Did you experience any challenges?
I’ve worked with a few mentees, and sometimes it can be a bit challenging, mainly because they don’t understand why they are there. You can support and help them through that, to understand the benefits of having a mentor or tutor. Other times the mentee can be very receptive and engaging, which makes the process easier.
A challenge that I can improve on is getting the mentee more engaged. As time goes by, the mentee might be thinking that you are just repeating the same old advice, so you have to keep it interesting. It is important to stay connected in between your sessions. When I’ve had any problems whatsoever, GT Scholars would be one phone call away, and they’re very responsive.
What was your most recent mentee like?
My first meeting with Daniel and his mum was very positive and interesting. They came to my office, and we sat down for a couple of hours and could have gone on for longer, but we had to go home. What stood out the most for me, was Daniel’s relationship with his mum and the way they engaged with me together. I knew from then that this was someone that I could genuinely help and guide.
What was your mentoring experience with Daniel like?
We worked around certain themes, one of them being for Daniel to be more confident with himself and trying to be more confident with the decisions he makes. We also talked about his independence, being less reliant on other people, and getting ready for adulthood. One of Daniel’s qualities that stood out was that he was very interested in what I had to say. When I gave him advice or talked through situations, what I said seemed to resonate with him, and he was able to take it away and then continue discussions when he came back.
Would you say mentoring is valuable for young people?
Mentoring is valuable for young people to get a chance to talk to another adult who they are not familiar with, talking to someone who doesn’t know them, so they get a chance to start again on a clean slate. Mentoring is also valuable for young people who want to bounce ideas off people who might already have experience in the area they are interested in.
Did you receive support throughout the programme?
I received regular support and would often get a call or an email checking in. Every quarter we would have to submit some reports and I had some technical difficulties. Marilyn helped me out with the issue and helped me get through my paperwork. We also received regular newsletters about what’s happening in the organisation. This was really great to have because it keeps you in touch with everyone else and gives you an idea of what else is happening out there.
What would you say to people who want to join the programme?
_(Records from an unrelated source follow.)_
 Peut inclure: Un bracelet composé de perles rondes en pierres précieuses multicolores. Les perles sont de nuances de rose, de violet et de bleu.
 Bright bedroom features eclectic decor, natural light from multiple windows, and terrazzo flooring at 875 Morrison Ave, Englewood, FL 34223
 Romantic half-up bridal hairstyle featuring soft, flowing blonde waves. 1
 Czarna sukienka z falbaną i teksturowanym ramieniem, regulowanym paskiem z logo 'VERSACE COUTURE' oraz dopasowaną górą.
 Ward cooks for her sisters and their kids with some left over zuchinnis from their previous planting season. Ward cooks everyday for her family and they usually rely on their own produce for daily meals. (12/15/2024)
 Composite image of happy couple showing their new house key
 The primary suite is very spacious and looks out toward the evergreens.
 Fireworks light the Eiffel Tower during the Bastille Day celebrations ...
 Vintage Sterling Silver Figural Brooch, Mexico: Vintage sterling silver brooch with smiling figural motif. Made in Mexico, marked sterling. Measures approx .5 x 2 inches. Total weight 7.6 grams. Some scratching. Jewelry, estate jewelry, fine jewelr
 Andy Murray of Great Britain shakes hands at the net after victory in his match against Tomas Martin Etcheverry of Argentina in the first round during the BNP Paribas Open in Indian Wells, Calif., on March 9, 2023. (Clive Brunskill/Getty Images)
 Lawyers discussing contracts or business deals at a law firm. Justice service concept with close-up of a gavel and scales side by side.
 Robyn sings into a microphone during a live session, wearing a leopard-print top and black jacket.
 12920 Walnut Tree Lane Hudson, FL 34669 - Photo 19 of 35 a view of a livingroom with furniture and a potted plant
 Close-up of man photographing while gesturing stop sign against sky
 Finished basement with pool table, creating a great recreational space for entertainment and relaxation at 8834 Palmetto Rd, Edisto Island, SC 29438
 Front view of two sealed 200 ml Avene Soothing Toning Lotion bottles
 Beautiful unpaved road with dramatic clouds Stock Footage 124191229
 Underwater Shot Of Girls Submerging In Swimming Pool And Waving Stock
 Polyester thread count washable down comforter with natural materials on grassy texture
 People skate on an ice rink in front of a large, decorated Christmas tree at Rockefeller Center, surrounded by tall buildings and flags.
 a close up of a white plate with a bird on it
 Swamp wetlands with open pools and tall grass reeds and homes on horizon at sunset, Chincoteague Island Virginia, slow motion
I would say that you’ll need to be prepared for how different you may find your mentee, you may be worlds apart. You’ll have to be a good communicator with parents and mentees. Be sure to back up your words with action, always practice what you preach and don’t give out advice that you don’t actually follow yourself, because you won’t be able to get the confidence from your mentee. Make sure that you are in a good place before committing time to help others because they will be relying on you.